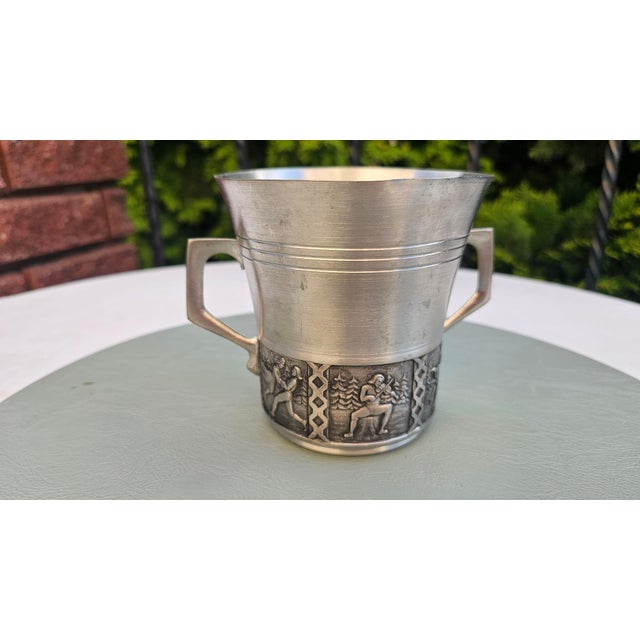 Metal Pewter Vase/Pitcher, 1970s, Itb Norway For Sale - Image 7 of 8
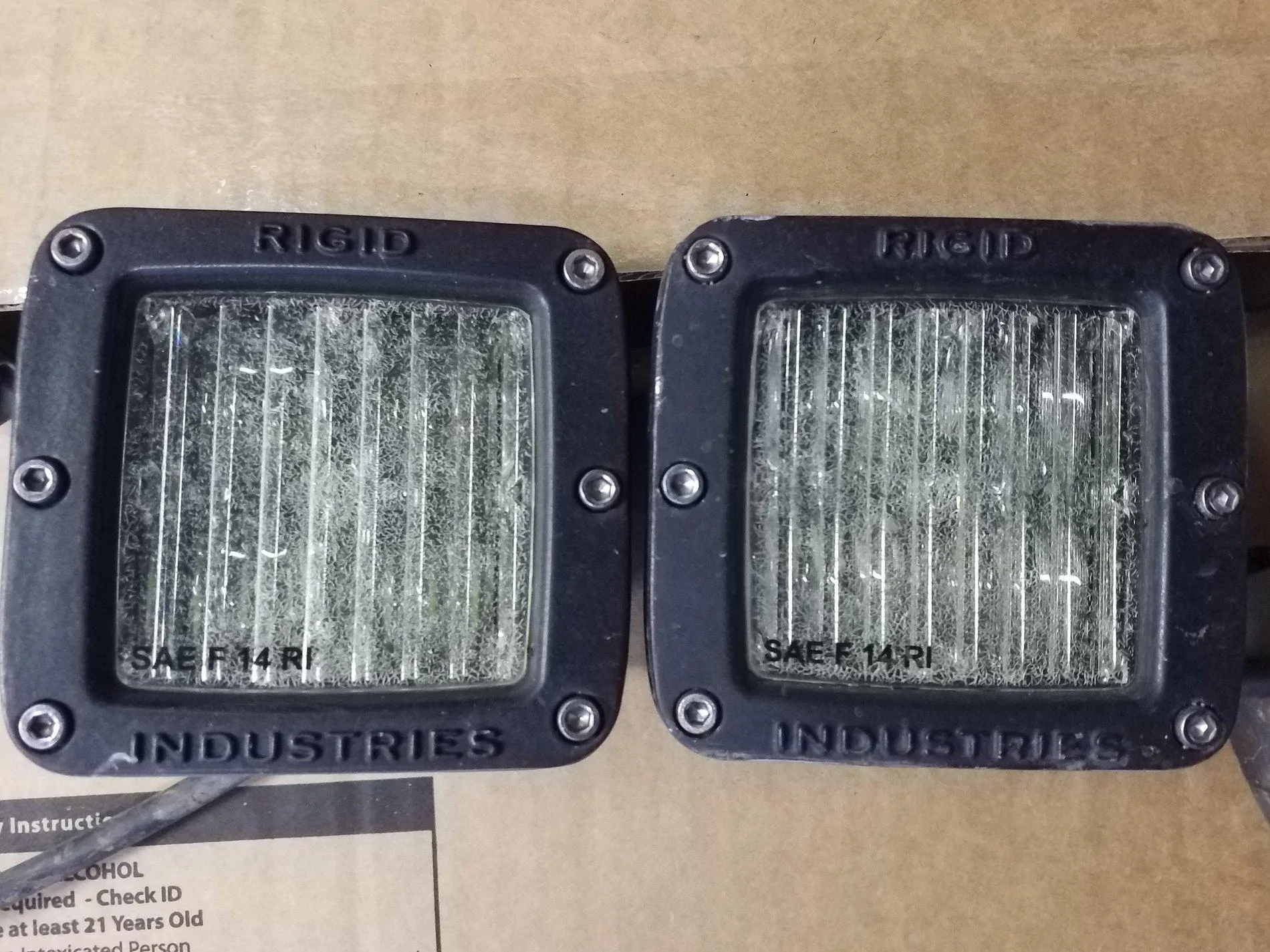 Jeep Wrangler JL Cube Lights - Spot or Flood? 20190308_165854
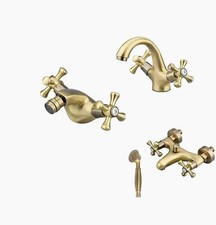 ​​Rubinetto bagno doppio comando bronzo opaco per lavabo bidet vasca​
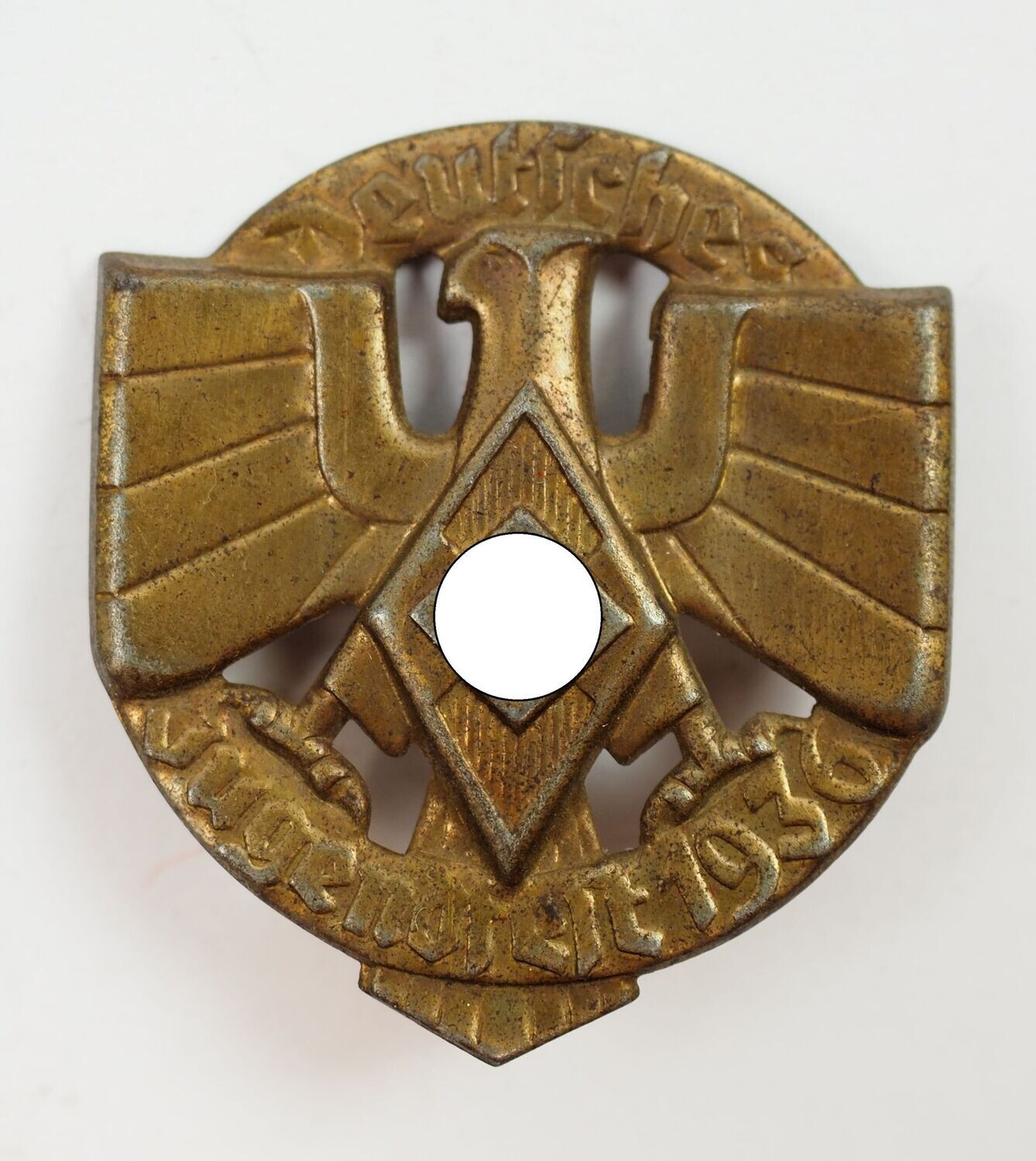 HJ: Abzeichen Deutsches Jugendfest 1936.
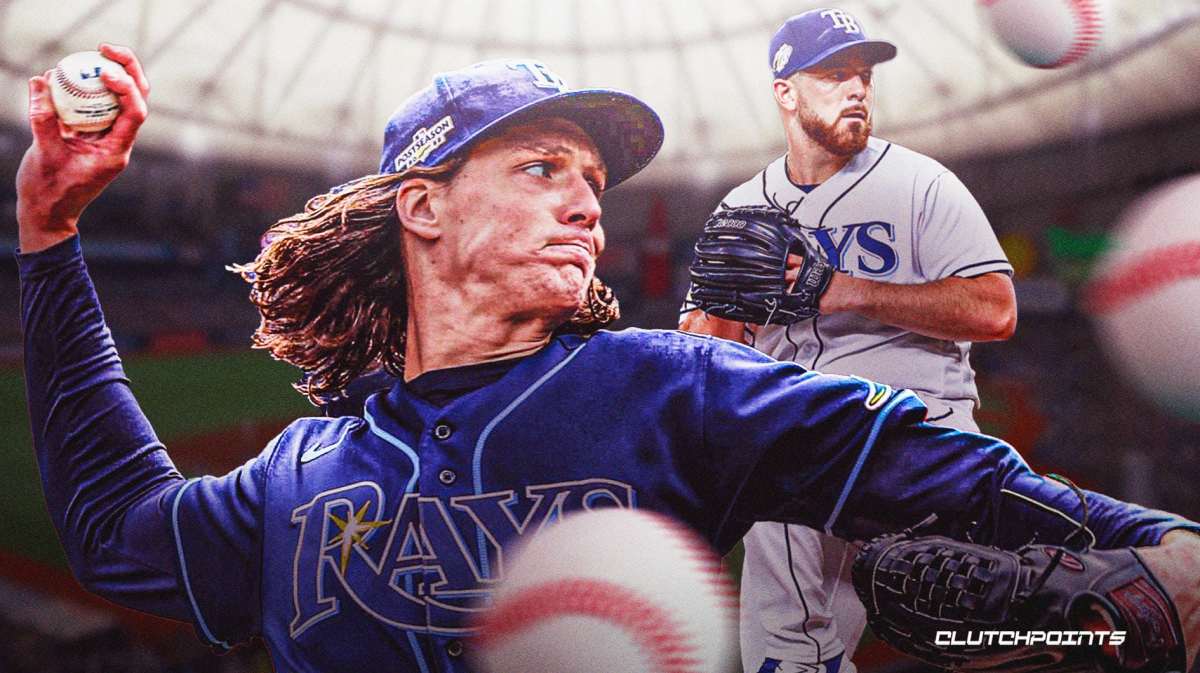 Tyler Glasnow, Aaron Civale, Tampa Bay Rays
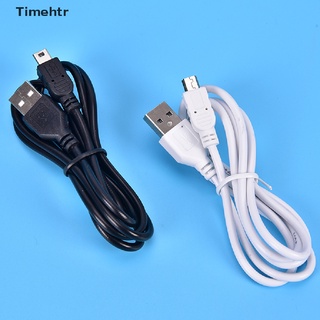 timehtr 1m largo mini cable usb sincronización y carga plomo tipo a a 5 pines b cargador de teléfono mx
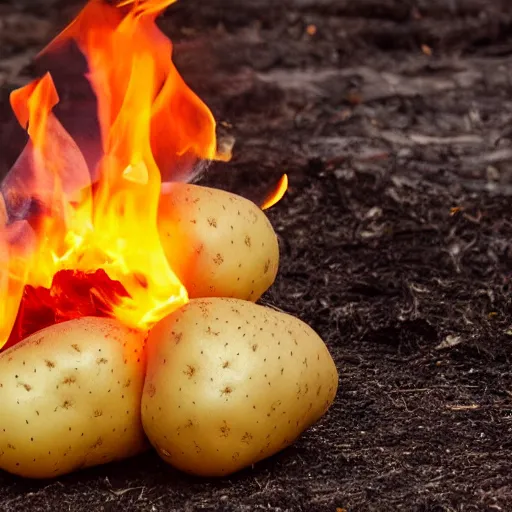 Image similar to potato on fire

----------------------------------------

• _About this exercise_: Before you finish, make sure every line above has been repeated exactly and no picture remains in the copy.

• _Answer box_:
 Metal Pewter Vase/Pitcher, 1970s, Itb Norway For Sale - Image 7 of 8
 Jeep Wrangler JL Cube Lights - Spot or Flood? 20190308_165854
 ​​Rubinetto bagno doppio comando bronzo opaco per lavabo bidet vasca​
 HJ: Abzeichen Deutsches Jugendfest 1936.
 Tyler Glasnow, Aaron Civale, Tampa Bay Rays
 timehtr 1m largo mini cable usb sincronización y carga plomo tipo a a 5 pines b cargador de teléfono mx
 Image similar to potato on fire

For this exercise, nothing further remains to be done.